[Task goal]: In the listing below, find the line with "Озеро Абрау. Свадебный фотограф Краснодар" and copy every line from there up to and including the line with "SET SURUBELNITE 21 PIESE", exactly and without pictures.

Data records section start

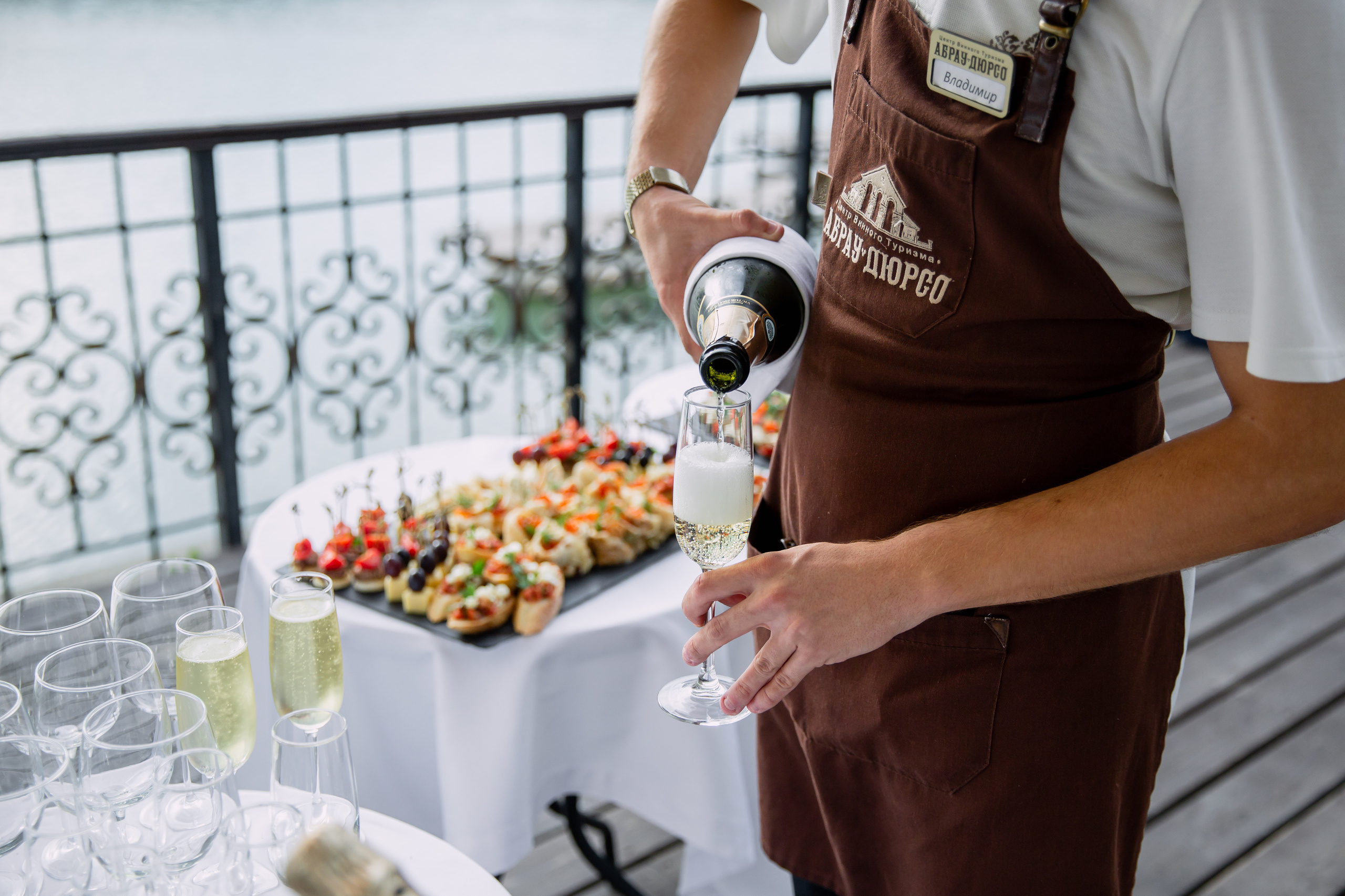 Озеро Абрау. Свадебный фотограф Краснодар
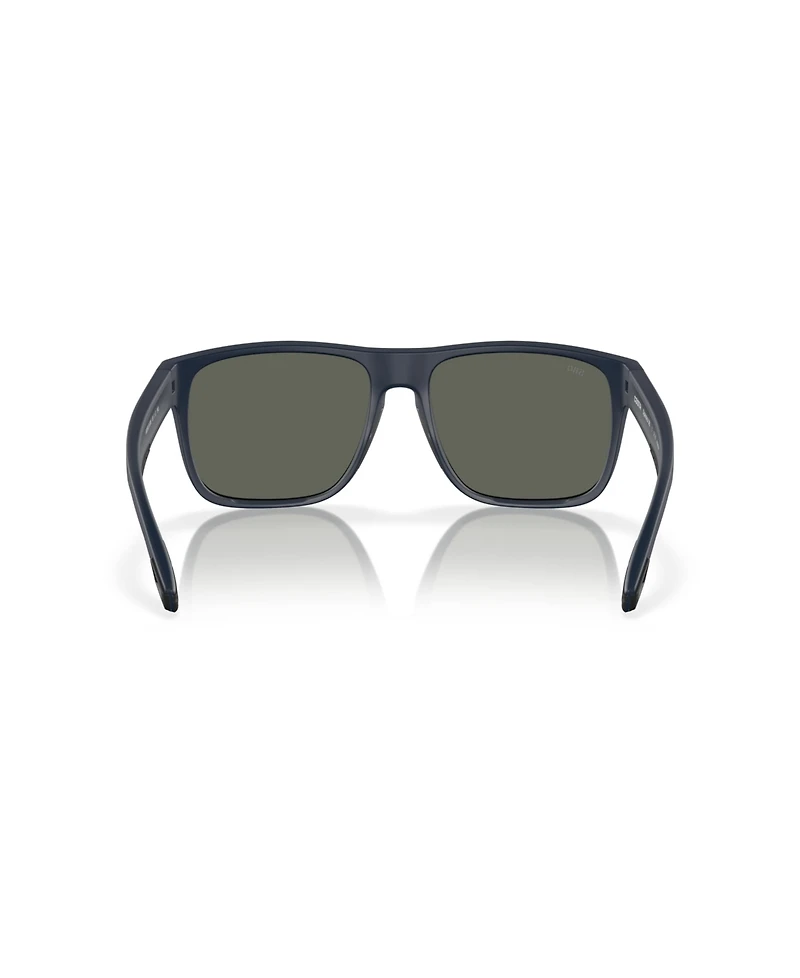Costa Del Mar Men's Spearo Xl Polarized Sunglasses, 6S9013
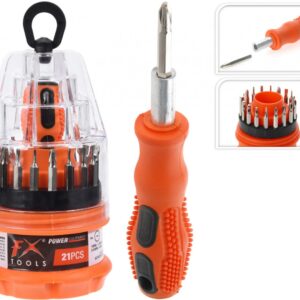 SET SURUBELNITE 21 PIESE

Data records section end
Data records section start

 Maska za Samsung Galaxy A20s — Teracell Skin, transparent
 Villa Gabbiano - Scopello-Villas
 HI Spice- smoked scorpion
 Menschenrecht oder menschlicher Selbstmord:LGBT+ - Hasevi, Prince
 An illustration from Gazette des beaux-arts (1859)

Data records section end
Data records section start

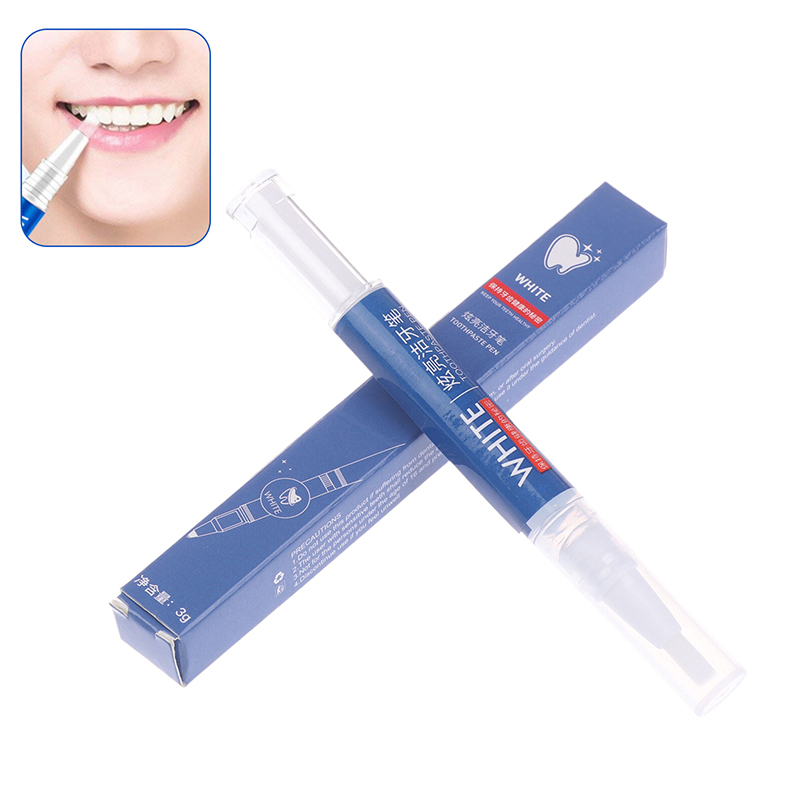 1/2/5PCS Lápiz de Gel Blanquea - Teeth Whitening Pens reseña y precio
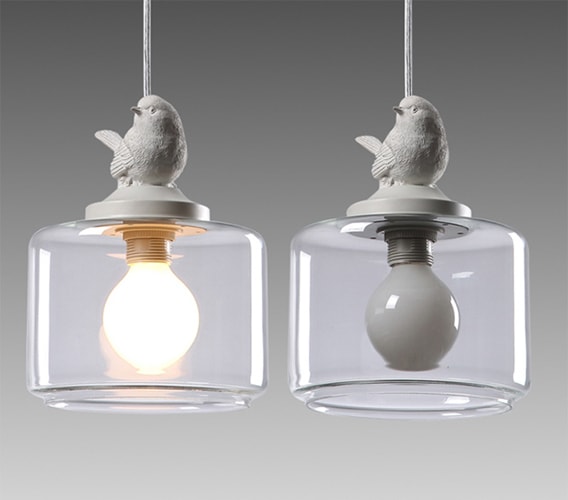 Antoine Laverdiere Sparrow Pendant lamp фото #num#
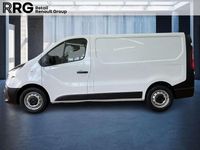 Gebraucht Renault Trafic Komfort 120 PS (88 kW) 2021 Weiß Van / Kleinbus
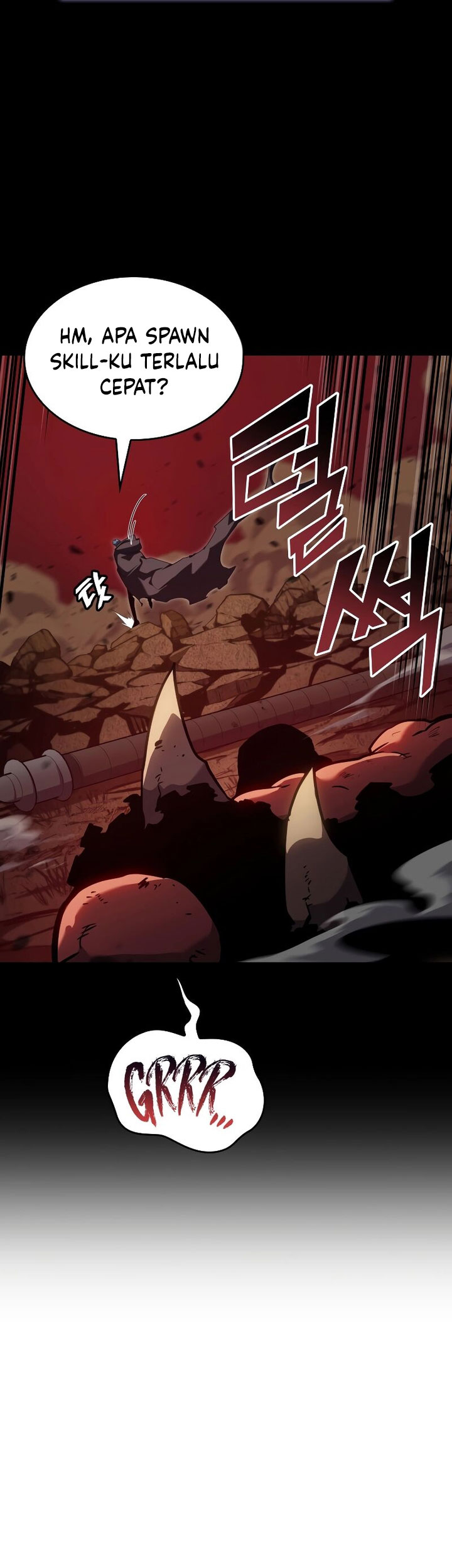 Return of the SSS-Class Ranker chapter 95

Data records section end

[Answer to the problem]:
 Озеро Абрау. Свадебный фотограф Краснодар
Costa Del Mar Men's Spearo Xl Polarized Sunglasses, 6S9013
 SET SURUBELNITE 21 PIESE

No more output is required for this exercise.